**TASK ITEM**
Please output the section of the listing below that opens with the line containing "1256 24th Street" and closes with the line containing "Dettaglio della borsa", exactly and with nothing else.

**DATA PROVIDED**
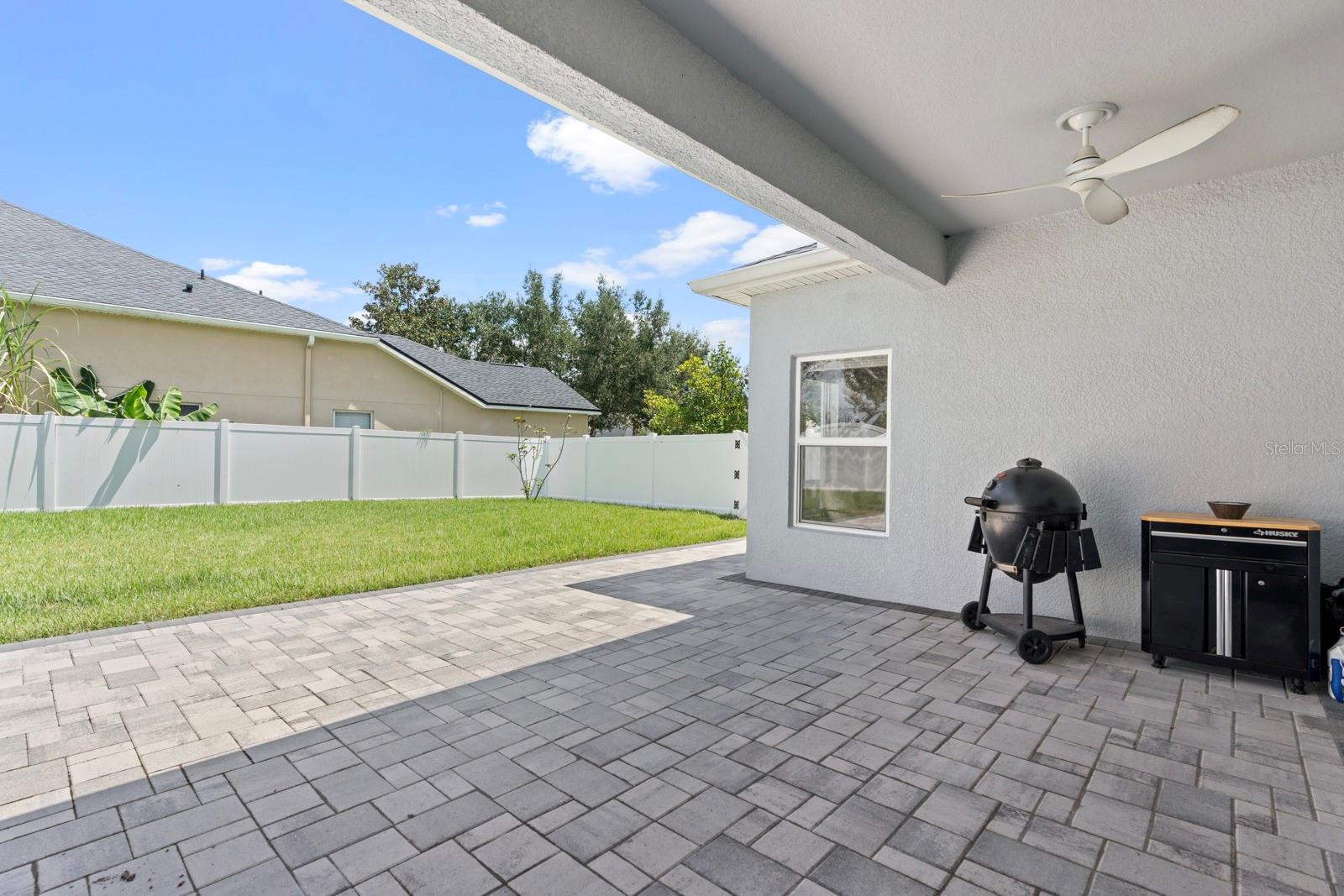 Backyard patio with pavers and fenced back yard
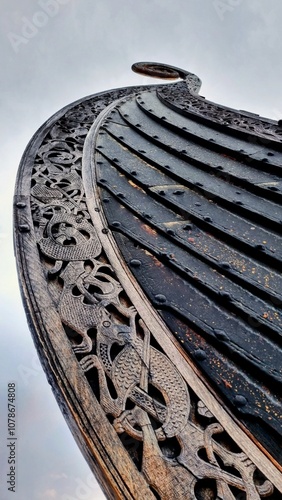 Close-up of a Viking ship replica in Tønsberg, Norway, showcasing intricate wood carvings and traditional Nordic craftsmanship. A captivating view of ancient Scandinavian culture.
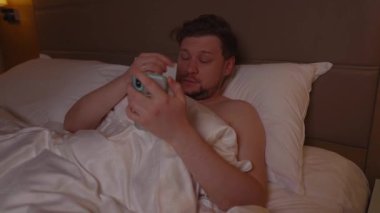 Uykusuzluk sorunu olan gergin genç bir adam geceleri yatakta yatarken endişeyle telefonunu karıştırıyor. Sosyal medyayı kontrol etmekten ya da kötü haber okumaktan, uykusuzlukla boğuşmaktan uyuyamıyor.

--

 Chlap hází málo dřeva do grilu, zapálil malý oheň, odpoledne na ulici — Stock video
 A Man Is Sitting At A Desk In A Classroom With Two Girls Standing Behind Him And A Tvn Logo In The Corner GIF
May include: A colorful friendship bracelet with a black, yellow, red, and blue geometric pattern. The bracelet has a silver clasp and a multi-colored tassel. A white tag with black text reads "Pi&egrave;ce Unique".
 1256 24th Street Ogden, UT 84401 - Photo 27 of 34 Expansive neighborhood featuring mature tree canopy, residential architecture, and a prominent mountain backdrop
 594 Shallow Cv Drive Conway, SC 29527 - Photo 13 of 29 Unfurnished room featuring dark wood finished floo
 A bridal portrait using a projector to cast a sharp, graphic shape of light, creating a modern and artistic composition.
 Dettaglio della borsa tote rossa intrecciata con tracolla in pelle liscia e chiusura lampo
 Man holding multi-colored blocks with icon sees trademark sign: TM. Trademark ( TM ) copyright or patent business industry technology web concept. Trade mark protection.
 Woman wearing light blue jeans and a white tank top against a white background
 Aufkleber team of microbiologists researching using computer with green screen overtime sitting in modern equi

**SOLUTION**
 1256 24th Street Ogden, UT 84401 - Photo 27 of 34 Expansive neighborhood featuring mature tree canopy, residential architecture, and a prominent mountain backdrop
 594 Shallow Cv Drive Conway, SC 29527 - Photo 13 of 29 Unfurnished room featuring dark wood finished floo
 A bridal portrait using a projector to cast a sharp, graphic shape of light, creating a modern and artistic composition.
 Dettaglio della borsa tote rossa intrecciata con tracolla in pelle liscia e chiusura lampo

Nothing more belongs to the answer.